▸ Directions for this task
Write out the listing exactly as it is given.

▸ Given data

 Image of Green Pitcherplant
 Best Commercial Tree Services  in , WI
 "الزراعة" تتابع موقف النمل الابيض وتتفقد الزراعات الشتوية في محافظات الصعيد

▸ Solution for this task
 Image of Green Pitcherplant
 Best Commercial Tree Services  in , WI
 "الزراعة" تتابع موقف النمل الابيض وتتفقد الزراعات الشتوية في محافظات الصعيد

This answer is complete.